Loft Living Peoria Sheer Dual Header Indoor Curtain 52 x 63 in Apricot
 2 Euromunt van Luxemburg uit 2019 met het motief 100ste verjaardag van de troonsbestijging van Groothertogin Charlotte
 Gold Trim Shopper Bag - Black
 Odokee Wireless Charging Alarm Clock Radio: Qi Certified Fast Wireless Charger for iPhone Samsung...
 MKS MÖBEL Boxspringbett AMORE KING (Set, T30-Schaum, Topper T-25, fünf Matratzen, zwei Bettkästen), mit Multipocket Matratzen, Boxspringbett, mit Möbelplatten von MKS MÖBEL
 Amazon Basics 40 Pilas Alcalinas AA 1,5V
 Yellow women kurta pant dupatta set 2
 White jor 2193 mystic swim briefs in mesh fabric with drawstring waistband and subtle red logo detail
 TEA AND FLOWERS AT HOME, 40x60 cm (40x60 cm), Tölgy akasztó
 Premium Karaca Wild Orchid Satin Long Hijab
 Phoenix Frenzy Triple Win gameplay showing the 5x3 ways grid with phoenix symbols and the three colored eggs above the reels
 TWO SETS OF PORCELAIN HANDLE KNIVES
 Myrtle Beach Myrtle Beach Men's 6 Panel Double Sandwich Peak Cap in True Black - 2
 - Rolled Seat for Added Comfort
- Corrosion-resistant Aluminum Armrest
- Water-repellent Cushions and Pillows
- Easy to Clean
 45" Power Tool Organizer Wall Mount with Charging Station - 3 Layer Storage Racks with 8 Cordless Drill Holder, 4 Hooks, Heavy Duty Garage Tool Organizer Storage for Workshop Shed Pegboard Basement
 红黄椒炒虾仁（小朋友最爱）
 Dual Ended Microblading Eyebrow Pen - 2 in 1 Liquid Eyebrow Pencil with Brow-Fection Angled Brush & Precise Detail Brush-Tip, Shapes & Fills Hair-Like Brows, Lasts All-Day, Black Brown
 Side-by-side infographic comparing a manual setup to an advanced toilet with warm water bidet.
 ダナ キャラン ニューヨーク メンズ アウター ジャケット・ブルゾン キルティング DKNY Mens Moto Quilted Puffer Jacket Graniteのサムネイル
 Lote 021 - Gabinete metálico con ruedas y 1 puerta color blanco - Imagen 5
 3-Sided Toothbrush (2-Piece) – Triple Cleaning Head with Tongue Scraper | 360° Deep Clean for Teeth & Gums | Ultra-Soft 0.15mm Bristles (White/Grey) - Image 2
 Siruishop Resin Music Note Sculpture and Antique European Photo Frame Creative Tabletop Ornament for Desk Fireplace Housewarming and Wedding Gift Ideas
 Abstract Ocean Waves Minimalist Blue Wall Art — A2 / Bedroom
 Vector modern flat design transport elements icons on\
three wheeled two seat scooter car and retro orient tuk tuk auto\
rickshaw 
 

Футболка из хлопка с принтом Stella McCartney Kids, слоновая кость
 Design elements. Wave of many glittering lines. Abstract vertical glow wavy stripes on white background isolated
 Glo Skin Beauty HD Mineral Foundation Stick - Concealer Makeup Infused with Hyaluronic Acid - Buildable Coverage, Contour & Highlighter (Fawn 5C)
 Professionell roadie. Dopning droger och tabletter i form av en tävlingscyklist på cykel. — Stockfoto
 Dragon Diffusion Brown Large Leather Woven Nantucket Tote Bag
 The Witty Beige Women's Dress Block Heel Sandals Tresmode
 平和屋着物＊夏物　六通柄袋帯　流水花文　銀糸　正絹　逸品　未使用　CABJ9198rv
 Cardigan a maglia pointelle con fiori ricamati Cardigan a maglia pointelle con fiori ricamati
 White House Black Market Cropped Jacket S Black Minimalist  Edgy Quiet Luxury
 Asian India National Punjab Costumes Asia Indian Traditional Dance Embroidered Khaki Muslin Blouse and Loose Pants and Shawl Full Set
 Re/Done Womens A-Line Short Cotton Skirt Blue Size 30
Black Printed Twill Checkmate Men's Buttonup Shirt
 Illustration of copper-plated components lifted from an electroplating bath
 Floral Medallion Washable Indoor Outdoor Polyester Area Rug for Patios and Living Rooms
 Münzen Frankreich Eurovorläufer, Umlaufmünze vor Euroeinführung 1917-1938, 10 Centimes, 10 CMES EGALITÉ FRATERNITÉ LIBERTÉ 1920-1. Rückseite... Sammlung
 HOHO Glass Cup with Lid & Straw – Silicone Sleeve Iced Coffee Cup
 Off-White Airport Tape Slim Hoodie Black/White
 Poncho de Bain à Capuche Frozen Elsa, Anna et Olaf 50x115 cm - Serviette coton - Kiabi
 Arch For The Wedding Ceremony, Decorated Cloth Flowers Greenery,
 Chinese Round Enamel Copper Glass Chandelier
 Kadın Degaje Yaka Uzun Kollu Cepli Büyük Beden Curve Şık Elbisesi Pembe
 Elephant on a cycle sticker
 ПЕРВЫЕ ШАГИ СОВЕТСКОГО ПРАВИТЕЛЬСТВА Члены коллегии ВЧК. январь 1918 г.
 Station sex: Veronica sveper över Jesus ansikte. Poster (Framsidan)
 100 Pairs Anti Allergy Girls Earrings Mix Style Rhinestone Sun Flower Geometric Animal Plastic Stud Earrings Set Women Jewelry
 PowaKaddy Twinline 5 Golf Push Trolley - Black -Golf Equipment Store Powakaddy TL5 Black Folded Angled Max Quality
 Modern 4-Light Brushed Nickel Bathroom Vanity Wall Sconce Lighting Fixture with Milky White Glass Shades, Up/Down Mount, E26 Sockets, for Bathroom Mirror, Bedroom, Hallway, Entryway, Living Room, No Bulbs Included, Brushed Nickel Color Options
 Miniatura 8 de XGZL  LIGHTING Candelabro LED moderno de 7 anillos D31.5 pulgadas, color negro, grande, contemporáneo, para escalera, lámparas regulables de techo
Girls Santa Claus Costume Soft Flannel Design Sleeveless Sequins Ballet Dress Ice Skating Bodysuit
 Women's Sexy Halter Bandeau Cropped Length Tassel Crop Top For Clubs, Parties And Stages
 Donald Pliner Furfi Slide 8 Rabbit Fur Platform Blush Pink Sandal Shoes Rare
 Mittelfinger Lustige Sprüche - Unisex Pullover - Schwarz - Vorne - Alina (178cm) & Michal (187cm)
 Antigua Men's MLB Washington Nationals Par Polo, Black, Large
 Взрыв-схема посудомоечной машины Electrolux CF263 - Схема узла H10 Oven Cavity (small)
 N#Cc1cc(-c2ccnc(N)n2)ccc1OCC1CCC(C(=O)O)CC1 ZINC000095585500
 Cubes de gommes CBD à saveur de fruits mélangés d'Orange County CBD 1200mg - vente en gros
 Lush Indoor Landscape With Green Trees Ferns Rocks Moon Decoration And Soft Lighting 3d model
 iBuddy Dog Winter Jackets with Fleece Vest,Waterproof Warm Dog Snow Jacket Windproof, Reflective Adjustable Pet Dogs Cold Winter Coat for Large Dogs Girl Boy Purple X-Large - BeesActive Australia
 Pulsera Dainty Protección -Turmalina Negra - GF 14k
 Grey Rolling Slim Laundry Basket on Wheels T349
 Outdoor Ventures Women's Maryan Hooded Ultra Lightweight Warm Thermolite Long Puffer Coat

#####

So that nothing is lost, transcribe each entry exactly as written.

Loft Living Peoria Sheer Dual Header Indoor Curtain 52 x 63 in Apricot
 2 Euromunt van Luxemburg uit 2019 met het motief 100ste verjaardag van de troonsbestijging van Groothertogin Charlotte
 Gold Trim Shopper Bag - Black
 Odokee Wireless Charging Alarm Clock Radio: Qi Certified Fast Wireless Charger for iPhone Samsung...
 MKS MÖBEL Boxspringbett AMORE KING (Set, T30-Schaum, Topper T-25, fünf Matratzen, zwei Bettkästen), mit Multipocket Matratzen, Boxspringbett, mit Möbelplatten von MKS MÖBEL
 Amazon Basics 40 Pilas Alcalinas AA 1,5V
 Yellow women kurta pant dupatta set 2
 White jor 2193 mystic swim briefs in mesh fabric with drawstring waistband and subtle red logo detail
 TEA AND FLOWERS AT HOME, 40x60 cm (40x60 cm), Tölgy akasztó
 Premium Karaca Wild Orchid Satin Long Hijab
 Phoenix Frenzy Triple Win gameplay showing the 5x3 ways grid with phoenix symbols and the three colored eggs above the reels
 TWO SETS OF PORCELAIN HANDLE KNIVES
 Myrtle Beach Myrtle Beach Men's 6 Panel Double Sandwich Peak Cap in True Black - 2
 - Rolled Seat for Added Comfort
- Corrosion-resistant Aluminum Armrest
- Water-repellent Cushions and Pillows
- Easy to Clean
 45" Power Tool Organizer Wall Mount with Charging Station - 3 Layer Storage Racks with 8 Cordless Drill Holder, 4 Hooks, Heavy Duty Garage Tool Organizer Storage for Workshop Shed Pegboard Basement
 红黄椒炒虾仁（小朋友最爱）
 Dual Ended Microblading Eyebrow Pen - 2 in 1 Liquid Eyebrow Pencil with Brow-Fection Angled Brush & Precise Detail Brush-Tip, Shapes & Fills Hair-Like Brows, Lasts All-Day, Black Brown
 Side-by-side infographic comparing a manual setup to an advanced toilet with warm water bidet.
 ダナ キャラン ニューヨーク メンズ アウター ジャケット・ブルゾン キルティング DKNY Mens Moto Quilted Puffer Jacket Graniteのサムネイル
 Lote 021 - Gabinete metálico con ruedas y 1 puerta color blanco - Imagen 5
 3-Sided Toothbrush (2-Piece) – Triple Cleaning Head with Tongue Scraper | 360° Deep Clean for Teeth & Gums | Ultra-Soft 0.15mm Bristles (White/Grey) - Image 2
 Siruishop Resin Music Note Sculpture and Antique European Photo Frame Creative Tabletop Ornament for Desk Fireplace Housewarming and Wedding Gift Ideas
 Abstract Ocean Waves Minimalist Blue Wall Art — A2 / Bedroom
 Vector modern flat design transport elements icons on\
three wheeled two seat scooter car and retro orient tuk tuk auto\
rickshaw 
 

Футболка из хлопка с принтом Stella McCartney Kids, слоновая кость
 Design elements. Wave of many glittering lines. Abstract vertical glow wavy stripes on white background isolated
 Glo Skin Beauty HD Mineral Foundation Stick - Concealer Makeup Infused with Hyaluronic Acid - Buildable Coverage, Contour & Highlighter (Fawn 5C)
 Professionell roadie. Dopning droger och tabletter i form av en tävlingscyklist på cykel. — Stockfoto
 Dragon Diffusion Brown Large Leather Woven Nantucket Tote Bag
 The Witty Beige Women's Dress Block Heel Sandals Tresmode
 平和屋着物＊夏物　六通柄袋帯　流水花文　銀糸　正絹　逸品　未使用　CABJ9198rv
 Cardigan a maglia pointelle con fiori ricamati Cardigan a maglia pointelle con fiori ricamati
 White House Black Market Cropped Jacket S Black Minimalist  Edgy Quiet Luxury
 Asian India National Punjab Costumes Asia Indian Traditional Dance Embroidered Khaki Muslin Blouse and Loose Pants and Shawl Full Set
 Re/Done Womens A-Line Short Cotton Skirt Blue Size 30
Black Printed Twill Checkmate Men's Buttonup Shirt
 Illustration of copper-plated components lifted from an electroplating bath
 Floral Medallion Washable Indoor Outdoor Polyester Area Rug for Patios and Living Rooms
 Münzen Frankreich Eurovorläufer, Umlaufmünze vor Euroeinführung 1917-1938, 10 Centimes, 10 CMES EGALITÉ FRATERNITÉ LIBERTÉ 1920-1. Rückseite... Sammlung
 HOHO Glass Cup with Lid & Straw – Silicone Sleeve Iced Coffee Cup
 Off-White Airport Tape Slim Hoodie Black/White
 Poncho de Bain à Capuche Frozen Elsa, Anna et Olaf 50x115 cm - Serviette coton - Kiabi
 Arch For The Wedding Ceremony, Decorated Cloth Flowers Greenery,
 Chinese Round Enamel Copper Glass Chandelier
 Kadın Degaje Yaka Uzun Kollu Cepli Büyük Beden Curve Şık Elbisesi Pembe
 Elephant on a cycle sticker
 ПЕРВЫЕ ШАГИ СОВЕТСКОГО ПРАВИТЕЛЬСТВА Члены коллегии ВЧК. январь 1918 г.
 Station sex: Veronica sveper över Jesus ansikte. Poster (Framsidan)
 100 Pairs Anti Allergy Girls Earrings Mix Style Rhinestone Sun Flower Geometric Animal Plastic Stud Earrings Set Women Jewelry
 PowaKaddy Twinline 5 Golf Push Trolley - Black -Golf Equipment Store Powakaddy TL5 Black Folded Angled Max Quality
 Modern 4-Light Brushed Nickel Bathroom Vanity Wall Sconce Lighting Fixture with Milky White Glass Shades, Up/Down Mount, E26 Sockets, for Bathroom Mirror, Bedroom, Hallway, Entryway, Living Room, No Bulbs Included, Brushed Nickel Color Options
 Miniatura 8 de XGZL  LIGHTING Candelabro LED moderno de 7 anillos D31.5 pulgadas, color negro, grande, contemporáneo, para escalera, lámparas regulables de techo
Girls Santa Claus Costume Soft Flannel Design Sleeveless Sequins Ballet Dress Ice Skating Bodysuit
 Women's Sexy Halter Bandeau Cropped Length Tassel Crop Top For Clubs, Parties And Stages
 Donald Pliner Furfi Slide 8 Rabbit Fur Platform Blush Pink Sandal Shoes Rare
 Mittelfinger Lustige Sprüche - Unisex Pullover - Schwarz - Vorne - Alina (178cm) & Michal (187cm)
 Antigua Men's MLB Washington Nationals Par Polo, Black, Large
 Взрыв-схема посудомоечной машины Electrolux CF263 - Схема узла H10 Oven Cavity (small)
 N#Cc1cc(-c2ccnc(N)n2)ccc1OCC1CCC(C(=O)O)CC1 ZINC000095585500
 Cubes de gommes CBD à saveur de fruits mélangés d'Orange County CBD 1200mg - vente en gros
 Lush Indoor Landscape With Green Trees Ferns Rocks Moon Decoration And Soft Lighting 3d model
 iBuddy Dog Winter Jackets with Fleece Vest,Waterproof Warm Dog Snow Jacket Windproof, Reflective Adjustable Pet Dogs Cold Winter Coat for Large Dogs Girl Boy Purple X-Large - BeesActive Australia
 Pulsera Dainty Protección -Turmalina Negra - GF 14k
 Grey Rolling Slim Laundry Basket on Wheels T349
 Outdoor Ventures Women's Maryan Hooded Ultra Lightweight Warm Thermolite Long Puffer Coat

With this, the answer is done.